On May 1, 1901, William McKinley, the nation’s 25th president, became the first sitting president to visit New Orleans. Seen in this photograph by John Teunisson, McKinley is speaking from the Cabildo balcony to a welcoming crowd.
Upon re-election in 1900, McKinley, a popular Republican from Ohio and a Union army Civil War veteran, set out on a train tour of the South and Southwest. And according to newspaper reports, he was well received in the South.
Arriving in New Orleans on the afternoon of May 1, the president and his wife Ida began a dizzying 24 hours filled with banquets and parades. As the Daily Picayune noted in the style of the day: “Thousands upon thousands of throats yelled a welcome, handkerchiefs waved, hats were thrown in the air.”
The next morning, Governor William Heard and Mayor Paul Capdevielle gave the president a tour of the city that included a stop at the then uptown campus of Southern University, one of the city’s four colleges for Black students. University officials greeted him warmly along with, as the Daily Picayune reported, “a thousand children dressed in their best and gay with ribbons and summer dresses.” Southern University student Ernestine Theophile gave the president an eloquent welcome.
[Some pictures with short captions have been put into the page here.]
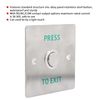AOWINHIT Stainless Steel Waterproof Door Exit Switch Release Button Access Control Lock System for Hotels Hospitals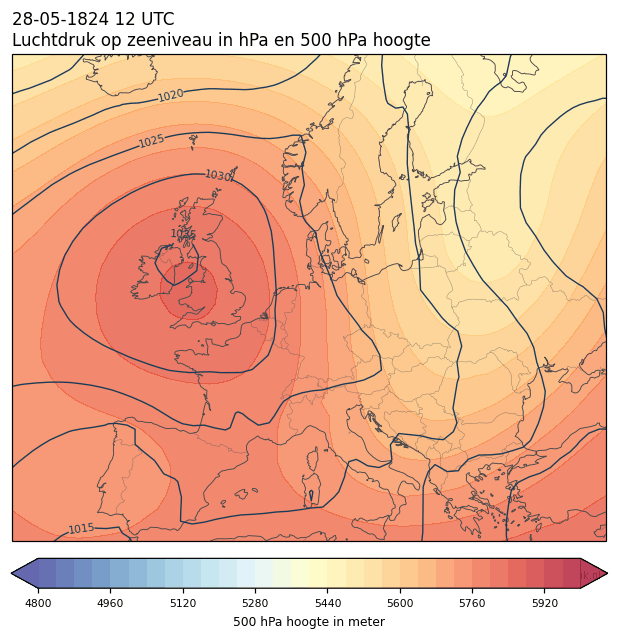 Weerkaart van 28 mei 1824 om 12 UTC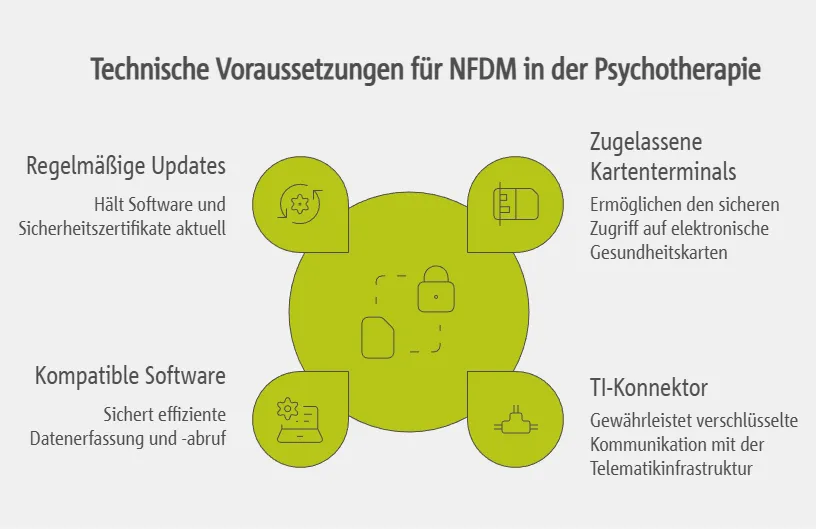 Technische Voraussetzungen von NFDM in der Psychotherapie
“The knowledge is old,” she said, “but the sublimest inspiration of the poet is blank despair from the point of the pen; that the sweetest melodies are those that have been heard only by the spirit ear of the musician; that the most beautiful pictures are those that have been seen only in the dreams of the artist. And so I know not how, in the words of men, to bid due welcome to our nation’s chief. You must read our welcome in our faces; you must know it by our numbers; you must feel it in our enthusiasm.”
From Southern, McKinley’s entourage moved on to the Cabildo where historian Alcee Fortier regaled the president with a long history of New Orleans. As cathedral bells rang, McKinley stepped to the balcony and spoke briefly to those below. From there, the president’s party embarked on a steamboat tour of the city’s riverfront. On return, they boarded carriages for a short ride to the train station. It was a moving scene for all present.
Mrs. McKinley was so sick that the president had to lift her from the carriage and, with help from others, walk her to the train. A reporter noted “how pale, how weak” she appeared: “The populace of New Orleans, quick to understand and sympathetic to the core, appreciated every detail of that beautiful picture.”
As McKinley boarded the train, a woman cried out, “Mr. President, if you come to New Orleans often enough you will break up the solid south.” He responded, “We are all solid for the flag.”
The president’s railroad car then boarded a ferry to cross the river to join a waiting westward bound train.
Four months later, an anarchist shot McKinley. He died Sept. 14.